I wonder if there could be precedent set if a collective should come forth and file an antitrust lawsuit.

edit: this would all be very unprecedented, and the last time this happened wa in the 90’s, and I was on behalf of Netscape by the DoJ, so… I dunno. It was weird even then.

[-] EdgeOfToday@lemm.ee 1 points 1 year ago

They don't even need to go that far. All data on lemmy is publicly available to anyone. You don't need an instance or even an account. Defederating from meta/threads won't stop them from reading all data out of the fediverse.

[-] MeetInPotatoes@lemmy.world 3 points 1 year ago

Meta wishes to establish Threads as the new “standard” of the Fediverse which is antithetical to the entire concept of the Fediverse, which is to resist centralized, corporate control of the platform and to remain independent, open-source, and free.

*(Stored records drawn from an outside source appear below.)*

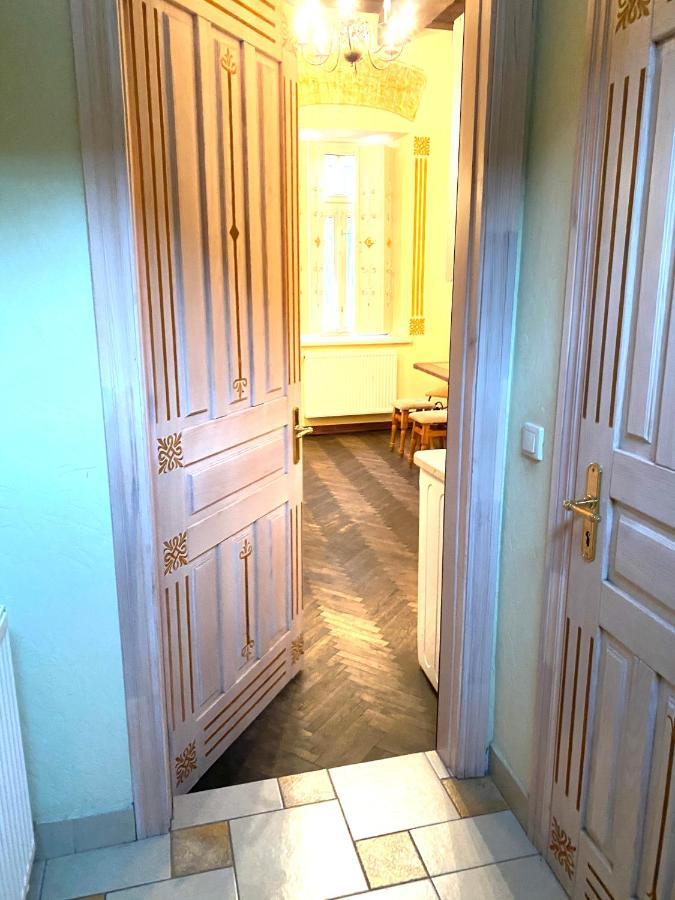Квартира В Центрі На Вулиці Валова 21 Lviv Extérieur photo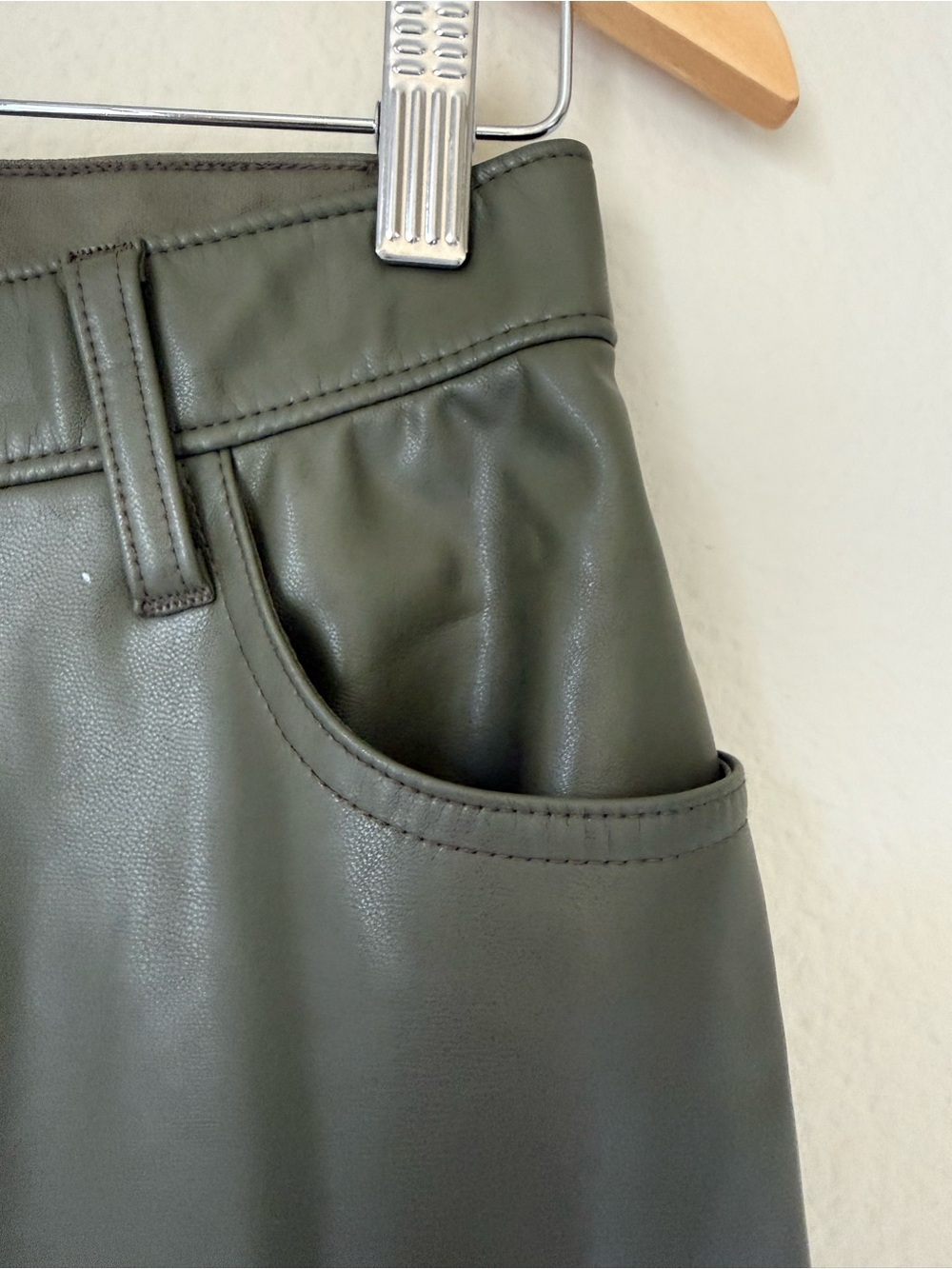 Abercrombie and Fitch Curve Love Vegan Leather Cargo 90s Relaxed Pants in Olive - Picture 3 of 14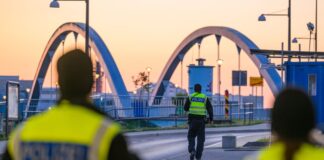 An den Grenzen wie hier am deutsch-polnischen Grenzübergang Stadtbrücke wird nach einer Anweisung von Bundesinnenminister Alexander Dobrindt verstärkt kontrolliert. 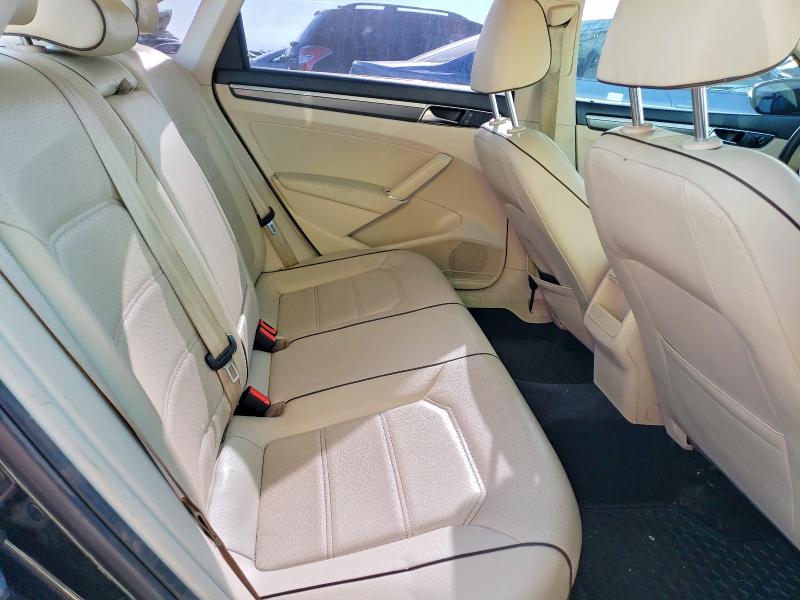 2017 Volkswagen Passat მანქანა იყიდება აუქციონზე, vin: 1VWDT7A36HC006130, აუქციონის ნომერი: 48570996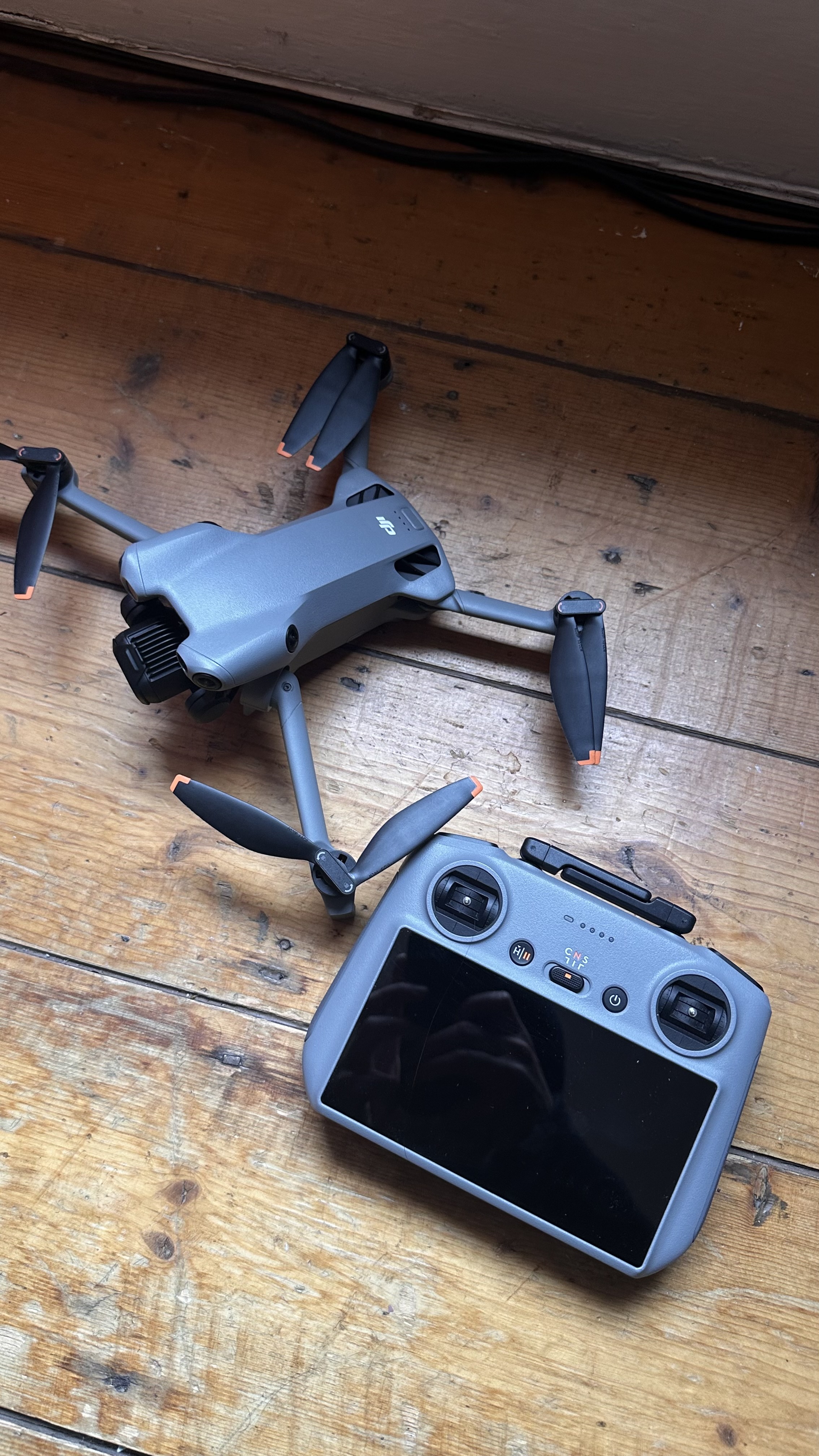 Dji mavic mini 5 pro w/ controller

Exactly this to the point that it's getting me increasingly annoyed that people are advocating to let Meta in. Like..wtf are you talking about, this entire Fediverse thing is exactly the opposite of Meta, and directly a result in response to corporate control of online interaction. Why in the world would we want to connect with Meta?! This is the anti-Meta, anti-Reddit, anti-Twitter.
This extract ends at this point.